We’re Building Stasi 2.0

Tuesday, December 17, 2013
By Paul Martin

By Keith Weiner
GoldSeek.com
Tuesday, 17 December 2013

I wrote this in early November. A US District Court decision yesterday (Dec 16, 2013) found that parts of the NSA’s mass data gathering are unconstitutional. It’s a small victory but a step in the right direction. In light of this decision, this article takes on renewed importance.

Before the Edward Snowden story broke, I watched a movie about East Germany. It was set in the time when East Germany was a communist dictatorship walled off from the world, like a huge maximum-security prison. The Lives of Others is a gripping drama that shows what that life was like. To say it was dehumanizing, that there was no justice, that people lived in constant terror of the secret police—the Stasi—does not even begin to describe it. For example, the Stasi had forensic information on every typewriter in the country. They could find the author of anything they didn’t like, and disappear him.

See the movie. By the way, the lead actor was hated in East Germany after the movie came out. Even years after communism collapsed, many of its victims are so scarred that they would prefer to blank it out. This is testimony to how horrific it was.

I normally write about gold and economics, but Edward Snowden has brought to the attention of America—and the whole world—a different issue. We advocates of the gold standard are, at root, fighting for freedom. So we should pay attention to this front in the same battle. There are many similarities with the fight for a free market in money, the unadulterated gold standard.

One of them is that the old notions of “liberal” and “conservative” seem almost inapplicable. It used to be that “conservatives” in the U.S. were in favor of more freedom and less government, at least nominally. But today, that’s not necessarily so. Wall Street is generally “conservative” and they are for a central bank, and its endless acts of Quantitative Easing.
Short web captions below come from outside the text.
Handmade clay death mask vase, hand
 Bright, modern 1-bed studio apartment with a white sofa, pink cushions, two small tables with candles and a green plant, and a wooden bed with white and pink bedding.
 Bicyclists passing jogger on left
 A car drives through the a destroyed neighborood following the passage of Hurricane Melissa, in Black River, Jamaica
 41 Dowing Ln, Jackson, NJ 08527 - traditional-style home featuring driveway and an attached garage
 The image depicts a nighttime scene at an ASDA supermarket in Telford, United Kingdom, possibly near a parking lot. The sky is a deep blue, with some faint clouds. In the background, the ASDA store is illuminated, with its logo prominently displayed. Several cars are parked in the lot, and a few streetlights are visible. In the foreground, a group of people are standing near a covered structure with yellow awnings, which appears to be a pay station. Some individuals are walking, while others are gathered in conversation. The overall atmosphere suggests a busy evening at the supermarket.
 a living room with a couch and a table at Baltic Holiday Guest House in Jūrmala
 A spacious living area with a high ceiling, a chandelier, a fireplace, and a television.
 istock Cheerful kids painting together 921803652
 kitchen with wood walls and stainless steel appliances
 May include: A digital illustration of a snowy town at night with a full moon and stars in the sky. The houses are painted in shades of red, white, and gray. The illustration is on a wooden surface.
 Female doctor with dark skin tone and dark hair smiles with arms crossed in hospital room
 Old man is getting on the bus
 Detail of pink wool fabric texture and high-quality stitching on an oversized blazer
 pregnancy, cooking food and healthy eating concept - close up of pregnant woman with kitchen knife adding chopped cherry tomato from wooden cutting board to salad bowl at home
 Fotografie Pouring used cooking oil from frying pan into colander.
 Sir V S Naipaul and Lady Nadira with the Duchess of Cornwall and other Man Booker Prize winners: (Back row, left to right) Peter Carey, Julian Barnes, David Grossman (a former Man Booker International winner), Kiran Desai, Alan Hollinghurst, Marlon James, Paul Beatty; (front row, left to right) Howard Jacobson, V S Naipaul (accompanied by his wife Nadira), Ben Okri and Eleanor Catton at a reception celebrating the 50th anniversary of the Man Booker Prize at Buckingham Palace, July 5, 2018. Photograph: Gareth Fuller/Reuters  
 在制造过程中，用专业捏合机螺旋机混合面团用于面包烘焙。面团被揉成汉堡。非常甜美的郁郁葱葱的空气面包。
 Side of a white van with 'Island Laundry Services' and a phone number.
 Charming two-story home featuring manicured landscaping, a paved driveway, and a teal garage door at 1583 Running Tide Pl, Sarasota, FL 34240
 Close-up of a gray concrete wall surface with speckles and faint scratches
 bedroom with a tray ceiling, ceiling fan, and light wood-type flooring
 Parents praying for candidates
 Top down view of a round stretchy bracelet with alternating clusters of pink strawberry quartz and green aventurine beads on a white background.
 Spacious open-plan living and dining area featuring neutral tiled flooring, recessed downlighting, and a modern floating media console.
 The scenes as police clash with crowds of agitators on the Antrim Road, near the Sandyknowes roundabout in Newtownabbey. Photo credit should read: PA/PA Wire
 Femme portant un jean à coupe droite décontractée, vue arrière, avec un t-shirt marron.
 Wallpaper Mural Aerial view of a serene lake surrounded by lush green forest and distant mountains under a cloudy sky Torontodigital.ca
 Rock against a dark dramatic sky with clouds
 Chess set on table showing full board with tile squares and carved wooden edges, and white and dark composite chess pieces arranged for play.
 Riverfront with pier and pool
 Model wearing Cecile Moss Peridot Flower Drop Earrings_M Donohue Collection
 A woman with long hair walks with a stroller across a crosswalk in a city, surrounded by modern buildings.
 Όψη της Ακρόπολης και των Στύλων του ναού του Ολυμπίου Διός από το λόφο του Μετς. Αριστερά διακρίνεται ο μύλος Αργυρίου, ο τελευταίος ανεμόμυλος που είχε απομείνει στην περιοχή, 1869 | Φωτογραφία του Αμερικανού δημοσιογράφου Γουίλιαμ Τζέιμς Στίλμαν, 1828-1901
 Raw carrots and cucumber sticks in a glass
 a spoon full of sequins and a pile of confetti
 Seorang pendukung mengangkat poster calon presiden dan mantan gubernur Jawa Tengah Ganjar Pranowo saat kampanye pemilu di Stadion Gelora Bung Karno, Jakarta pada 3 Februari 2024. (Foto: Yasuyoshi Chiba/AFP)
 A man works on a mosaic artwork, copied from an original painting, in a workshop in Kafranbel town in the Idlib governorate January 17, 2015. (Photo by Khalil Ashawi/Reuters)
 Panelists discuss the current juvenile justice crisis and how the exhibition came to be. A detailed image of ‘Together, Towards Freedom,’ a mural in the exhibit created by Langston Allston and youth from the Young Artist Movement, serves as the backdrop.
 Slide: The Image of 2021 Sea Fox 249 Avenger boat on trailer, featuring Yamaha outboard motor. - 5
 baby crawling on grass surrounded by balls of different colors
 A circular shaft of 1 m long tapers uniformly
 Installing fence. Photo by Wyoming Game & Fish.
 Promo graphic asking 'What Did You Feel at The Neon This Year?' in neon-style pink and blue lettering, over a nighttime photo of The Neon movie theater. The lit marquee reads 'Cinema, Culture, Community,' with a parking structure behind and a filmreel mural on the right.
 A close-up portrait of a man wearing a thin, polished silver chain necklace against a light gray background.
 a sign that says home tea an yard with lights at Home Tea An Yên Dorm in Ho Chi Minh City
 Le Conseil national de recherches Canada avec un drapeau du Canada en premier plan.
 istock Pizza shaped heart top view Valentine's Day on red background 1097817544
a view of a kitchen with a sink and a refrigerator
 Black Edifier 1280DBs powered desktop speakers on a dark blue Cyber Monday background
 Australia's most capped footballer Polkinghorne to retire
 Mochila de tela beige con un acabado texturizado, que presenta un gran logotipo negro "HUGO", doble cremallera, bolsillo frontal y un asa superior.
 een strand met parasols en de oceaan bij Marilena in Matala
Similarly, Republicans and “conservatives” are now coming out in favor of the National Security Agency, and defending its spying on American citizens. They do this in the wake of pervasive abuses that Snowden has disclosed. The Stasi could never have dreamed of some of the capabilities used against every American every day by the NSA, such as mass scanning of emails and phone calls, much less automatically building a list of contacts for each citizen or tracking everyone’s whereabouts in realtime.